February is Black History month and this is a great time for kids to learn more about African culture. African culture has impacted American music, food, language and culture in many ways. Play Mbube Mbube, Kudoda or Sae Sae Brae Wah, traditional African games that are still played today.
This word is pronounced “Mboo-bay” and it means lion in Zulu. This game is played with a group of at least 5 or 6, more is better. Two players are blindfolded and stand in an open area so they are not close to each other. One person is the lion and the other person is the antelope. The object of the game is for the lion to catch the antelope. The lion knows they are getting close to the antelope because as they get closer the other players shout Mbube louder and faster. The farther the antelope gets away from the lion the quieter they shout. The lion gets to try to capture the antelope for a specific amount of time, usually 1 minute and then two other players take a turn. Keep playing until everyone has had a turn as both the lion and the antelope.

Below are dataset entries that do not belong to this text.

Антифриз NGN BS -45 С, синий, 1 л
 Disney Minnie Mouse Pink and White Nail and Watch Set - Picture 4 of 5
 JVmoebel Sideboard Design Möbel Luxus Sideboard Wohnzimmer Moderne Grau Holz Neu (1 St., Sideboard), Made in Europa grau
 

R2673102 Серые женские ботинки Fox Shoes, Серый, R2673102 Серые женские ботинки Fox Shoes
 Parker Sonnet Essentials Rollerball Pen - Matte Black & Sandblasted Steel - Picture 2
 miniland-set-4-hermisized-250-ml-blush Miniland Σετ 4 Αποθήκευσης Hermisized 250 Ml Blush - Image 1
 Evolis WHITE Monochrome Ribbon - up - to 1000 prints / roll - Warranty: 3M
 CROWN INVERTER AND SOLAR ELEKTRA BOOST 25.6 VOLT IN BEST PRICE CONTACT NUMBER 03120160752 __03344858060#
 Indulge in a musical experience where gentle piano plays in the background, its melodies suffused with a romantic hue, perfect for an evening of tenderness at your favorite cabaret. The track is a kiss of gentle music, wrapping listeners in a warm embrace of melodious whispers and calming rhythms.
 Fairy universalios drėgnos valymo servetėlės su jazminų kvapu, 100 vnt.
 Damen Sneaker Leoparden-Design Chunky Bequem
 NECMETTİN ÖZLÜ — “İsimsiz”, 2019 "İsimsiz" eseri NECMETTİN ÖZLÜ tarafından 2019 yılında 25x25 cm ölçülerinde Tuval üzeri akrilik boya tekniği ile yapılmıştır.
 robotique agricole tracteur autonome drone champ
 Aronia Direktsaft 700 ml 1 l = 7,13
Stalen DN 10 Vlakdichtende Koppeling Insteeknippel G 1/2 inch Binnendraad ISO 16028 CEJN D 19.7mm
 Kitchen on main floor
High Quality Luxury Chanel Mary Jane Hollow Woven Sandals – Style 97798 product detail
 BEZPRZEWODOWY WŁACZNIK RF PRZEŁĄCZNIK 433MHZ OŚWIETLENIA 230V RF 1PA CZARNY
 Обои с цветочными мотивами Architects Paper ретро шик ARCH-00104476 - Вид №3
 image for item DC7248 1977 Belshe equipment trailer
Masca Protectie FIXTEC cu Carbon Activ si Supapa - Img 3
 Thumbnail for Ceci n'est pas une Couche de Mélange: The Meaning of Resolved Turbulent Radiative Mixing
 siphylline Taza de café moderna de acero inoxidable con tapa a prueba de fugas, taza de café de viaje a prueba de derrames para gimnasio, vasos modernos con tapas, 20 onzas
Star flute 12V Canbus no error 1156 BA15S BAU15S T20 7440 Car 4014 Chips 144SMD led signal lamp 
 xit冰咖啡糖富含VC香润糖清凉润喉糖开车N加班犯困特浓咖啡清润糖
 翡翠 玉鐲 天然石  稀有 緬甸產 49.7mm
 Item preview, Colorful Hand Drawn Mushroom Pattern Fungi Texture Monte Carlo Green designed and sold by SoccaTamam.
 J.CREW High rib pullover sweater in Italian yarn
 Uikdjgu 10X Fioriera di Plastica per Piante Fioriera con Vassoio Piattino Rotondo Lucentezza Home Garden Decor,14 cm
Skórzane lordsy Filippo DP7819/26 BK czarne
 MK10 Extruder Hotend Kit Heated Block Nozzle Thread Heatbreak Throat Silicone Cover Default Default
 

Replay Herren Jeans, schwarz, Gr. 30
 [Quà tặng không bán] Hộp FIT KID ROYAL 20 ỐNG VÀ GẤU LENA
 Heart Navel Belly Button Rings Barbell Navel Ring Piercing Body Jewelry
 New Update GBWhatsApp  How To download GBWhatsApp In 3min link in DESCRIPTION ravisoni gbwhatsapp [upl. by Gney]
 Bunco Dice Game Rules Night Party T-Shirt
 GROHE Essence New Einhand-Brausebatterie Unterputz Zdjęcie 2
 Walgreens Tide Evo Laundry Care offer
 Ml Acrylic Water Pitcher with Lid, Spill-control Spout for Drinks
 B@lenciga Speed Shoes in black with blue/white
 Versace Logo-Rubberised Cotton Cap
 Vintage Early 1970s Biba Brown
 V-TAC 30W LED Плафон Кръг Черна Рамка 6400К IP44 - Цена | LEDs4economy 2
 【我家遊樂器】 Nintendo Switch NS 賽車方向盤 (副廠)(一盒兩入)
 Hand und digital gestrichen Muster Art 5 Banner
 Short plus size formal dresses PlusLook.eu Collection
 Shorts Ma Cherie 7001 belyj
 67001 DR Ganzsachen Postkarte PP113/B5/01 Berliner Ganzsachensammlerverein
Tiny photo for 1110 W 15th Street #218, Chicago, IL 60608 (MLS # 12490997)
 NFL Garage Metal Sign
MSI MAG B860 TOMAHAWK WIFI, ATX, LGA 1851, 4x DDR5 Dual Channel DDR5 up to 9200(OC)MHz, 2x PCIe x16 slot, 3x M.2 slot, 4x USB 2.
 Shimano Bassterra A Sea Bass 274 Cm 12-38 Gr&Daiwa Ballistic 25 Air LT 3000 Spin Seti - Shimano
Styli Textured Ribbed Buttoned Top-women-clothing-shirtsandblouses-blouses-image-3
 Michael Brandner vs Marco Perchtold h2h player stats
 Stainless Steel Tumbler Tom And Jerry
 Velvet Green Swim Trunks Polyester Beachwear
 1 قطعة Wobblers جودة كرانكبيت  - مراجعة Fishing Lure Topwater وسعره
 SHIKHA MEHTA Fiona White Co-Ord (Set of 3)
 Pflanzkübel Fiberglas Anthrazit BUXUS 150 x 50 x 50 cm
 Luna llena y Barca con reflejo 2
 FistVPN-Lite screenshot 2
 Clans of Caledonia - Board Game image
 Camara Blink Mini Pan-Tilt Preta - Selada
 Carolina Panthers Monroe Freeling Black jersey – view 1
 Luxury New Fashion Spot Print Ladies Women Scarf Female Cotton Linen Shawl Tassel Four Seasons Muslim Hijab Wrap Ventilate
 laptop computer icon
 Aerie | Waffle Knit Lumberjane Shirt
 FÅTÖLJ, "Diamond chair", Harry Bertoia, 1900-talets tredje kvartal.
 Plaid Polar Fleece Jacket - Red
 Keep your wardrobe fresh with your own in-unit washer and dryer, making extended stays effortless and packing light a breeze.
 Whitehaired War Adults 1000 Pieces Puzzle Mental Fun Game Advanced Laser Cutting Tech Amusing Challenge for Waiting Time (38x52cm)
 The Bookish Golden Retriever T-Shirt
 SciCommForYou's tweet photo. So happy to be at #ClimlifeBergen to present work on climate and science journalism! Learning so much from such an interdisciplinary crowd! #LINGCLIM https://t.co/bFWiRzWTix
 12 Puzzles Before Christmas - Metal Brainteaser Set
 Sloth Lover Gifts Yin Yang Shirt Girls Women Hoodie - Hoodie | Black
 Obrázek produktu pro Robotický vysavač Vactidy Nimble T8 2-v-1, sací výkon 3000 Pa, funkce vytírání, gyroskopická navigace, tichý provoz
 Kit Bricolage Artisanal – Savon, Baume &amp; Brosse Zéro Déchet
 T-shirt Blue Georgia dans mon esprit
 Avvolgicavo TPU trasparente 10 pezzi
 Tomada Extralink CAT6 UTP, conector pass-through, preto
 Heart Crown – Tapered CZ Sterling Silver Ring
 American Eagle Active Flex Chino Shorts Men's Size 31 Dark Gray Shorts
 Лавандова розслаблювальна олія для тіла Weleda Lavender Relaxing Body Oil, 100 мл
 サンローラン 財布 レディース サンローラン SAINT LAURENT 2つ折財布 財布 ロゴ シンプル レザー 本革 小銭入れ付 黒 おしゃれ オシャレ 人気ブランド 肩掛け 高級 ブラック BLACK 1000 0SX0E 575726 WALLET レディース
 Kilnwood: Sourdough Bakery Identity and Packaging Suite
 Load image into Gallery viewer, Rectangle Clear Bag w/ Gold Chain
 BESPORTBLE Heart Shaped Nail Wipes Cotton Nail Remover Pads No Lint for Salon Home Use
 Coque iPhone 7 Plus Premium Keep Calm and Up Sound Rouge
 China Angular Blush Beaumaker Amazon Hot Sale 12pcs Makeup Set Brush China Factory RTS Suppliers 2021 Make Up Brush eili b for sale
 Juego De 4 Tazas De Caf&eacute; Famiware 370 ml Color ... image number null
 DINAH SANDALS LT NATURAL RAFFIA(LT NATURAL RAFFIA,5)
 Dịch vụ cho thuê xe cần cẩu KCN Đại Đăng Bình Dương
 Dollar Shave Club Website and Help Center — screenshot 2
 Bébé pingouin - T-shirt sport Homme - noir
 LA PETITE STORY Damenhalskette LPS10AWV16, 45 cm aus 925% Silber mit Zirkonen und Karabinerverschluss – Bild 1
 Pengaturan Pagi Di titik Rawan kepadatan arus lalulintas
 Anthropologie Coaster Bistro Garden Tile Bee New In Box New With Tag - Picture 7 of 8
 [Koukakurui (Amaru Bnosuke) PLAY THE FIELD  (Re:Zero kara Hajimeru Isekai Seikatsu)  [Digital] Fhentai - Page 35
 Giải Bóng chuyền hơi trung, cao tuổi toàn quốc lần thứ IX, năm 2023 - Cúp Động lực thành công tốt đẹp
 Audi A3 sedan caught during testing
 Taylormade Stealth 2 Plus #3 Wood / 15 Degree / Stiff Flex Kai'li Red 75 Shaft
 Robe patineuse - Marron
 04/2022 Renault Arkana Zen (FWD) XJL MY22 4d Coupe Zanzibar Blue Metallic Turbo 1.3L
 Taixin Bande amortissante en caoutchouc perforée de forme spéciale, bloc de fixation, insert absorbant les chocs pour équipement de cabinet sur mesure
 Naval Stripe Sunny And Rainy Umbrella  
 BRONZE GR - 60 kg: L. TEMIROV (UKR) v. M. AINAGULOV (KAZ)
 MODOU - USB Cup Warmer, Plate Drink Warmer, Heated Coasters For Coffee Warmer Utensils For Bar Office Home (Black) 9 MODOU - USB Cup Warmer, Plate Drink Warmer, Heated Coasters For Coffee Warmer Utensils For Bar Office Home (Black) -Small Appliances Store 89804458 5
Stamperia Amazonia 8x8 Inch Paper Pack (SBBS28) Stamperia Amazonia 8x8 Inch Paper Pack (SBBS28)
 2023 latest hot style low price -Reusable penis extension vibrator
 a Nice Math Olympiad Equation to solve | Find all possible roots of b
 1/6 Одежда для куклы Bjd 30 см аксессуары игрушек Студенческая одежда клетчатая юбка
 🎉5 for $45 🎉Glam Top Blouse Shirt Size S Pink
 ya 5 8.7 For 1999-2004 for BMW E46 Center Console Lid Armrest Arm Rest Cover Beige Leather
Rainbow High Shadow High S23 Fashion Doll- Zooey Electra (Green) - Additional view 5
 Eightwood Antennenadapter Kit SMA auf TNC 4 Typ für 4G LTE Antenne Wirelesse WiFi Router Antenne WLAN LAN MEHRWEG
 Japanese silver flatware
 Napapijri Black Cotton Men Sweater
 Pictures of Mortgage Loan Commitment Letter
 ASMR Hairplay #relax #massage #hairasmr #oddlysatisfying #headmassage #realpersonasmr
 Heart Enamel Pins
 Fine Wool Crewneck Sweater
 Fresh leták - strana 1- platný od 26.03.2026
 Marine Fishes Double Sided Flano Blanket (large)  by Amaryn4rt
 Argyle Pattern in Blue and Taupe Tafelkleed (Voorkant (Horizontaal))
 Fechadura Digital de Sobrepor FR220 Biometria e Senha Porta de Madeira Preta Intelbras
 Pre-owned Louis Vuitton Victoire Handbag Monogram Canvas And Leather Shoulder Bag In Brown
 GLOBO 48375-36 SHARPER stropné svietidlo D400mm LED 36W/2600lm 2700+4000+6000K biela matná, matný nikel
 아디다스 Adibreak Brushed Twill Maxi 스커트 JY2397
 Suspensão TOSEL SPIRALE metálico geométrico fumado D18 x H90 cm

Kudoda is traditionally played with a bowl of marbles, but a bowl filled with any set of small objects can be used. The players sit in a circle with the bowl in the middle. The first player throws a small object up into the air in such a way that they will be able to easily catch it. While the object is in the air the other players run to the middle of the circle and grab a handful of marbles from the bowl. They must be back in place before the object is caught. If they are not back in their place they must return their marbles to the bowl. The next person in the circle throws the object up and catches it. This process is repeated until all of the items are removed from the bowl. When the last item is removed everyone counts how many they have. The person who has the most marbles wins.
SAE’ SAE’ BRAE WAH
This is a fun game that traditionaly requires a stick for each player but any object will work. The kids all sit in a circle and place their stick in front of them. Everyone needs to learn to say the phrase “Sae Saw Brae Wah Adesha” which sounds like ‘sa, sa, bray wah ah deesha’. Once all the players have learned to say this phrase the game begins. Everyone repeats the phrase out loud and passes their stick to the left at the same time. A stick is passed properly by picking it up and placing it on the ground in front of the person to the left. The speed of the phrase and the passing of the stick increases as the game progresses until someone does not pass the stick correctly. That player is out of the game. Resume playing and continue the process until only one person is left in the game.
These are just three examples of games for kids that originated in Africa. They are fun to play and a great way to teach kids about another culture.